## Provided records
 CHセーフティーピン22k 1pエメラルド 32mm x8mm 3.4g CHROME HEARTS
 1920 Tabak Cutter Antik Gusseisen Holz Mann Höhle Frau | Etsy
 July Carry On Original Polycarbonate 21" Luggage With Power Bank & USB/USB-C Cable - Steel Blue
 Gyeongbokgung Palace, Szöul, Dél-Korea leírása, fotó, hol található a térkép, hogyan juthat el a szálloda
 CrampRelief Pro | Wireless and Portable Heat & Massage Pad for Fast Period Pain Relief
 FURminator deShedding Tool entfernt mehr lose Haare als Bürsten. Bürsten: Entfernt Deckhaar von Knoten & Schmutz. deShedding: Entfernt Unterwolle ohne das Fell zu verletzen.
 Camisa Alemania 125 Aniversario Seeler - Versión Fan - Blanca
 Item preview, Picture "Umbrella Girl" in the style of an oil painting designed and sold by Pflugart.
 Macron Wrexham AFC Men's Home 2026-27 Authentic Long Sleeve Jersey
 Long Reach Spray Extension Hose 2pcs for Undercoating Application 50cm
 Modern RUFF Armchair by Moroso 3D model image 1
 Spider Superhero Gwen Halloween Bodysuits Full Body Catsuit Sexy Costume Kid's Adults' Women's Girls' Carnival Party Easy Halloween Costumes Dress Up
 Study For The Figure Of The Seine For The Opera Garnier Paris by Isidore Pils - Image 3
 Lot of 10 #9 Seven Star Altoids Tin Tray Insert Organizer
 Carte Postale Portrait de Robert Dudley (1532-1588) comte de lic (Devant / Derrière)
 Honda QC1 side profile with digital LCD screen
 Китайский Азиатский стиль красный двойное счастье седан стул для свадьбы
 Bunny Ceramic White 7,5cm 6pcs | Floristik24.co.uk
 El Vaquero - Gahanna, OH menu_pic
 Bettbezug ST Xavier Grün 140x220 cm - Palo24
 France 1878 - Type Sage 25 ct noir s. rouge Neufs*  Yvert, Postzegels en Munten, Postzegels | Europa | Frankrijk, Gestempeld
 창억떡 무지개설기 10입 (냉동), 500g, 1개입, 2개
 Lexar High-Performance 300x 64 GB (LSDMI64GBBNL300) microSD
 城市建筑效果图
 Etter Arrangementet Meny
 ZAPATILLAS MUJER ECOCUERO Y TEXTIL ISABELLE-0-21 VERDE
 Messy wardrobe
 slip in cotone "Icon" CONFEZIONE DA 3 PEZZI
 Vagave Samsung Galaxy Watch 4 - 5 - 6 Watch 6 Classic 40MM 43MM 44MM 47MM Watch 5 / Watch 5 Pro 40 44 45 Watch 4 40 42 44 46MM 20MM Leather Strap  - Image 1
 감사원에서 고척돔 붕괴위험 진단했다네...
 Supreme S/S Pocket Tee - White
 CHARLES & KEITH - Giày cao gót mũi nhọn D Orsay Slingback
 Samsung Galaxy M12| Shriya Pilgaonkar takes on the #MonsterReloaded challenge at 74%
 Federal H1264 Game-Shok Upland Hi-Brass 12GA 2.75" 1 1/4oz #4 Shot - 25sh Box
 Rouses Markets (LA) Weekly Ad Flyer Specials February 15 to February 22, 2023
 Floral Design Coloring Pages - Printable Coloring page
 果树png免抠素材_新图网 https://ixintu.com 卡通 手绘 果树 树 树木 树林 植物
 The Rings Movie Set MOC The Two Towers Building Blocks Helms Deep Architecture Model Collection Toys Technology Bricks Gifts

## Work required
Your answer must be the line that contains "Samsung Galaxy M12|" and every line after it to the end of the records, reproduced exactly.

## Exercise result
 Samsung Galaxy M12| Shriya Pilgaonkar takes on the #MonsterReloaded challenge at 74%
 Federal H1264 Game-Shok Upland Hi-Brass 12GA 2.75" 1 1/4oz #4 Shot - 25sh Box
 Rouses Markets (LA) Weekly Ad Flyer Specials February 15 to February 22, 2023
 Floral Design Coloring Pages - Printable Coloring page
 果树png免抠素材_新图网 https://ixintu.com 卡通 手绘 果树 树 树木 树林 植物
 The Rings Movie Set MOC The Two Towers Building Blocks Helms Deep Architecture Model Collection Toys Technology Bricks Gifts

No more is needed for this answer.